Given two strings s and t, determine if they are isomorphic.

Two strings are isomorphic if the characters in s can be replaced to get t.

All occurrences of a character must be replaced with another character while preserving the order of characters. No two characters may map to the same character but a character may map to itself.

For example,

Given "egg", "add", return true.

Given "foo", "bar", return false.

Given "paper", "title", return true.

Note:

You may assume both s and t have the same length.
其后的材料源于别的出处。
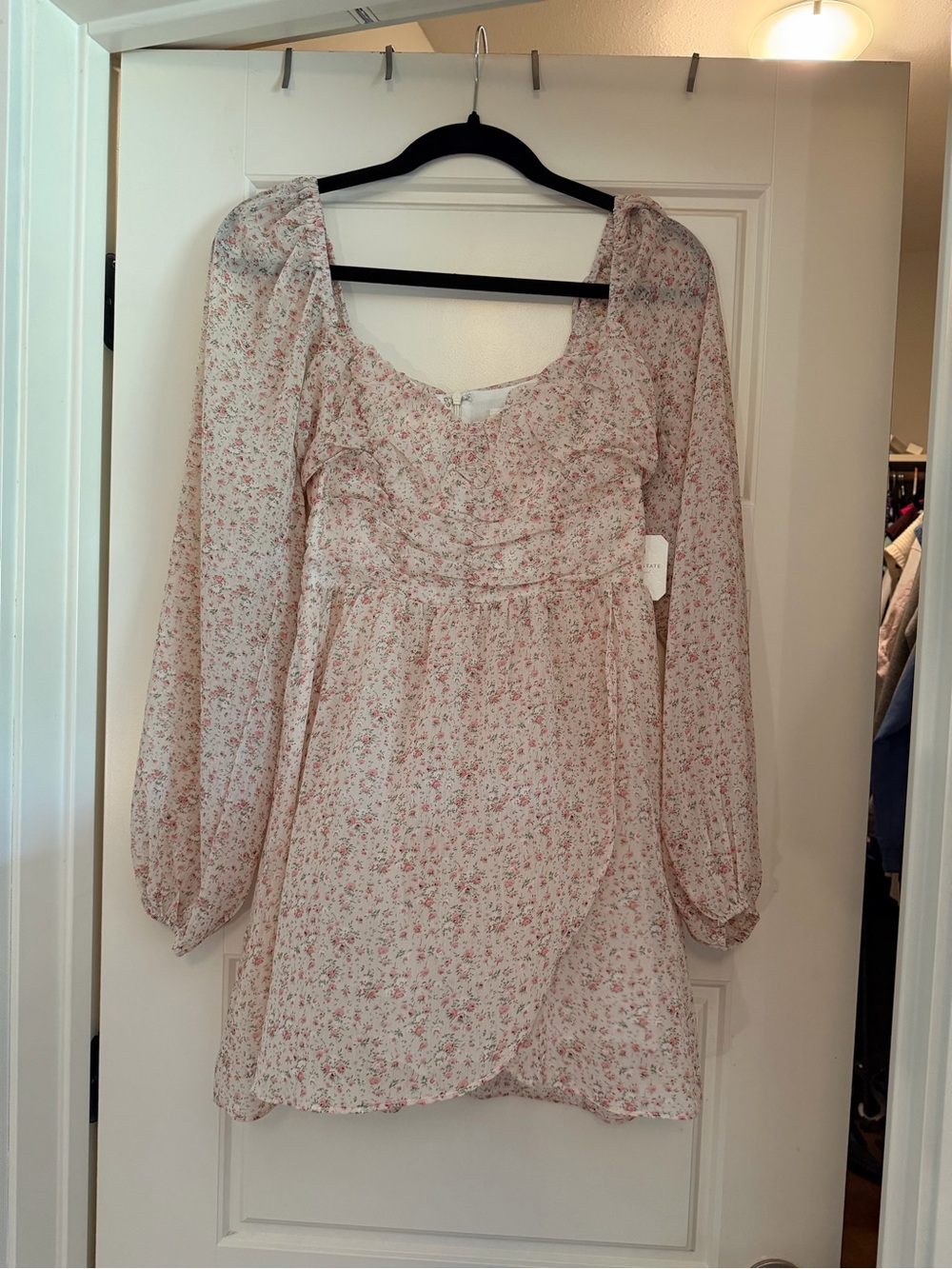 Altar'd State Blush Floral Long-Sleeve Ruffle Mini Dress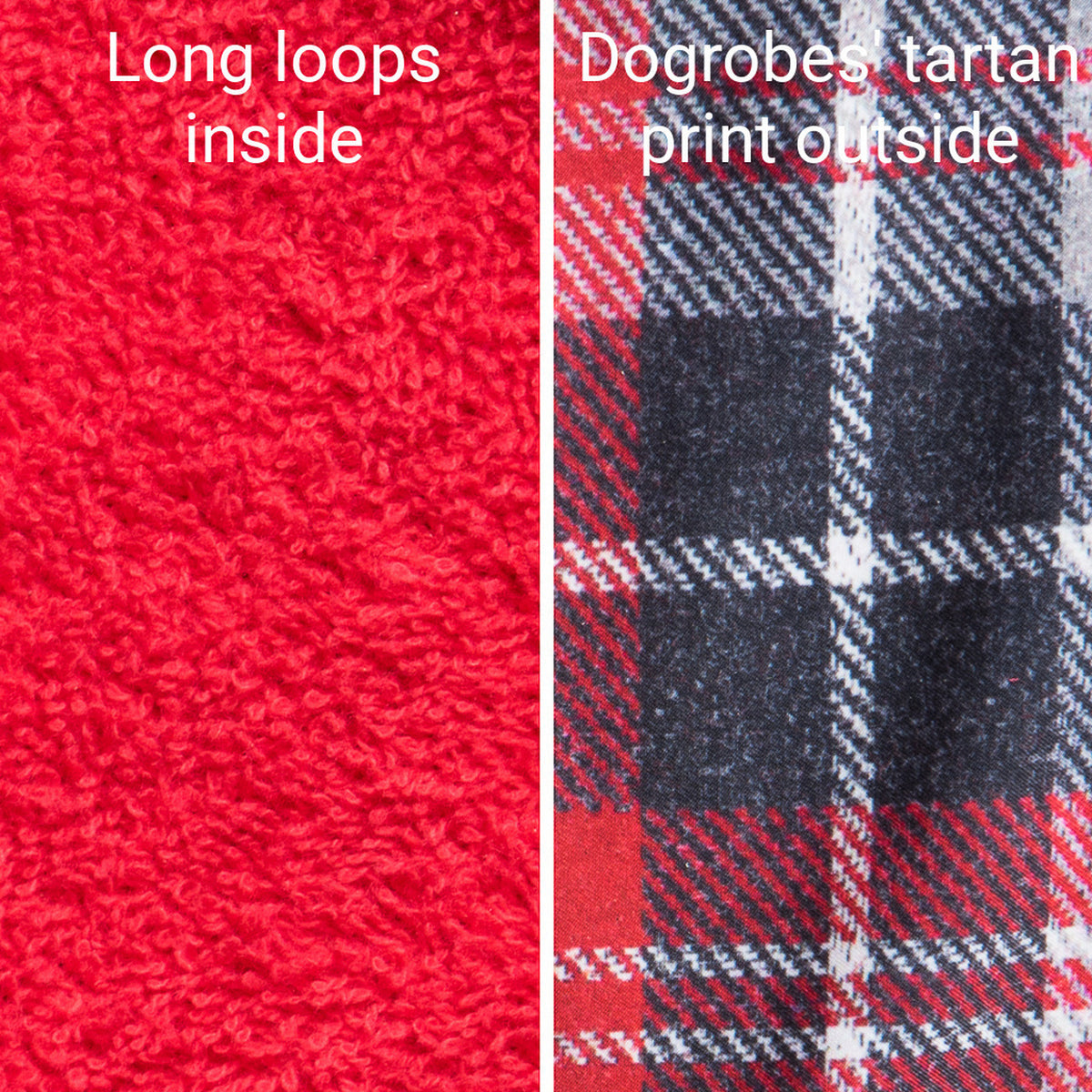 Stylish yet practical tartan drying Dogrobe is ideal for outdoor adventures, after swimming, training, working or bathing.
判断两个字符串是否同构：s中的每个字符按顺序映射到t中一个字符，映射关系不能是一对多，例如"foo"和"bar"，按顺序映射：f->b，o->a，o->r，o同时对a和r，所以foo和egg不是同构的；同理，不能多对一，即s中不同字符不能对应t中相同的字符，例如，"ab"和"aa"，a->a，b->a，a和b同时对应a，所以ab和aa不符合条件。

以s中的每个字符作为key，t中的每个字符作为value，利用Java中的map容器做映射。

public class Solution {

    public boolean isIsomorphic(String s, String t) {

    Map<Character,Character> mp1 = new HashMap<>();

		final int len1 = s.length();

		final int len2 = s.length();

		if(len1!=len2) return false;

		if(len1==0) return true;

		for(int i = 0;i < len1;i++)

		{

			if(!mp1.containsKey(s.charAt(i)))

			{

				mp1.put(s.charAt(i),t.charAt(i));

				for(int j = 0;j<i;j++)

				{

					if(mp1.get(s.charAt(i))==mp1.get(s.charAt(j)))//多对一

					{

						return false;

					}

				}

			}

			else

			{

				if(mp1.get(s.charAt(i))!=t.charAt(i))//一对多

				{

					return false;

				}

			}

		}

        return true;

    }

}

时间复杂度较高，期待更高效的方法。